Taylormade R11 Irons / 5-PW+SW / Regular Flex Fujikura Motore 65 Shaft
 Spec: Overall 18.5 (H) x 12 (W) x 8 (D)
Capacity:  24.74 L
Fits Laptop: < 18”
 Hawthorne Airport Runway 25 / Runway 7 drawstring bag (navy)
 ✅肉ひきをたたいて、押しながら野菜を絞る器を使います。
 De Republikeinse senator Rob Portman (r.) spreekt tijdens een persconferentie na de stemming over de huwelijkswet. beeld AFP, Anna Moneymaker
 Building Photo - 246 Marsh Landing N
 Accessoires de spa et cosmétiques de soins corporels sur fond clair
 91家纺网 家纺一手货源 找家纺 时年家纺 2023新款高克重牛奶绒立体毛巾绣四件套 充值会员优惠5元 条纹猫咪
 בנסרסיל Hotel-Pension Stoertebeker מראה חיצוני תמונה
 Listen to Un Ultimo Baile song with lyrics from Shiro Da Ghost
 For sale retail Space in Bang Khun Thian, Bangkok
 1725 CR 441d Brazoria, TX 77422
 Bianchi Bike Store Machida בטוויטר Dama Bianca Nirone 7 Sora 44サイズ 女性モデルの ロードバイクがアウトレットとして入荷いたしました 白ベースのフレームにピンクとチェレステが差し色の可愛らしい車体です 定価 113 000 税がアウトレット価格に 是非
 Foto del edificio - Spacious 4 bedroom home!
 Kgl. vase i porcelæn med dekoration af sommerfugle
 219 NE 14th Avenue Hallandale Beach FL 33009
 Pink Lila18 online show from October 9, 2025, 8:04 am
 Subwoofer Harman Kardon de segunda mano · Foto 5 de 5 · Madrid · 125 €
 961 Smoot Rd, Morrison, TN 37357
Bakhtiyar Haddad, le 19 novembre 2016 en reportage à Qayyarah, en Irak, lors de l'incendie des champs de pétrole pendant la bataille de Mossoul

——————

_What this task involves_. Please, from the material above, copy only the lines from the line with "Bianchi Bike Store" up to and including the line with "Kgl. vase i", exactly as written.

_Result of the task_.
 Bianchi Bike Store Machida בטוויטר Dama Bianca Nirone 7 Sora 44サイズ 女性モデルの ロードバイクがアウトレットとして入荷いたしました 白ベースのフレームにピンクとチェレステが差し色の可愛らしい車体です 定価 113 000 税がアウトレット価格に 是非
 Foto del edificio - Spacious 4 bedroom home!
 Kgl. vase i porcelæn med dekoration af sommerfugle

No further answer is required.